━━ DATASET EXTRACT

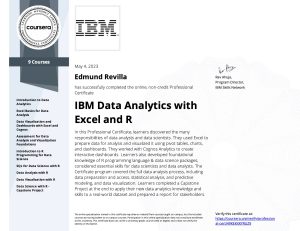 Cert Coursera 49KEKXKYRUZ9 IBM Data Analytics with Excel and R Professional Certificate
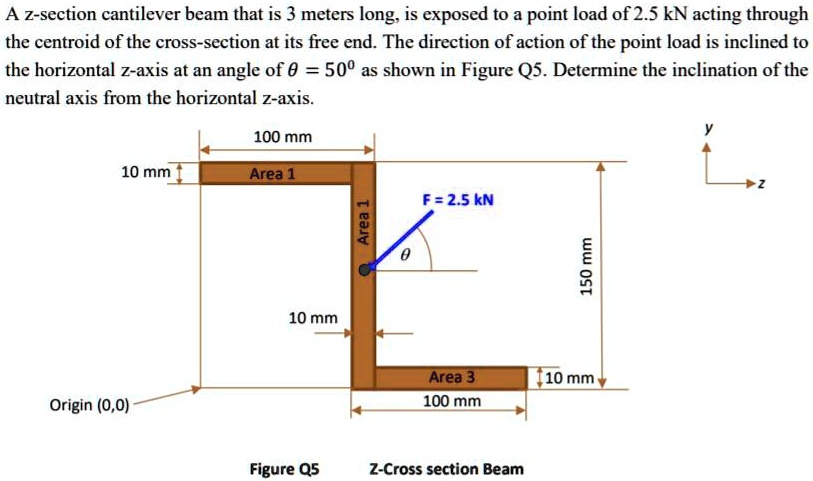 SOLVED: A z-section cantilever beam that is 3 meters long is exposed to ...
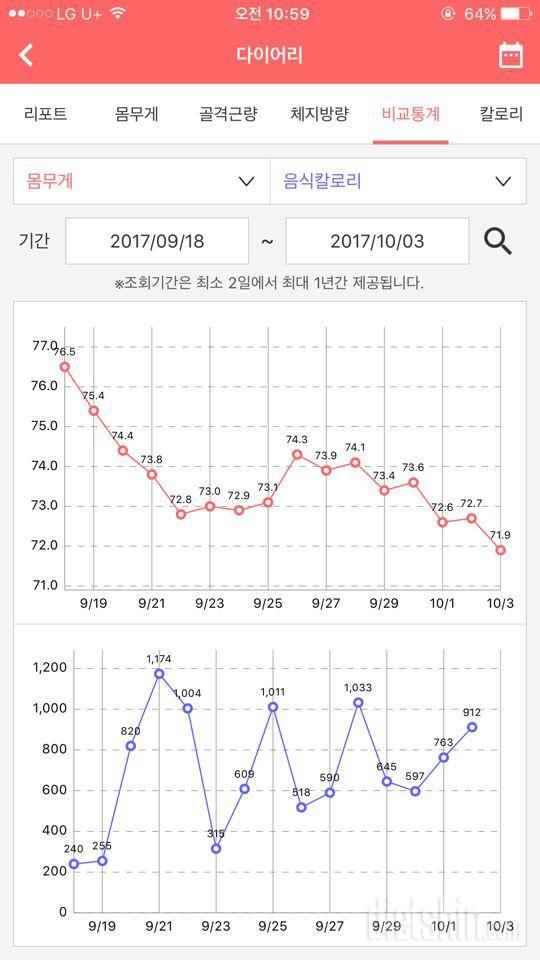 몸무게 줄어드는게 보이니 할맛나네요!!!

━━━━
━━ DATASET EXTRACT

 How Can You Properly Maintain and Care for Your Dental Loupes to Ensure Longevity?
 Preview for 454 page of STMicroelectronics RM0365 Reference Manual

━━━━

[WORK INSTRUCTION]: Exact copy, pictures excluded: from the line with "Cert Coursera 49KEKXKYRUZ9" up to and including the line with "몸무게 줄어드는게 보이니 할맛나네요!!!" in the data above.

[REPLY]:
 Cert Coursera 49KEKXKYRUZ9 IBM Data Analytics with Excel and R Professional Certificate
 SOLVED: A z-section cantilever beam that is 3 meters long is exposed to ...
 몸무게 줄어드는게 보이니 할맛나네요!!!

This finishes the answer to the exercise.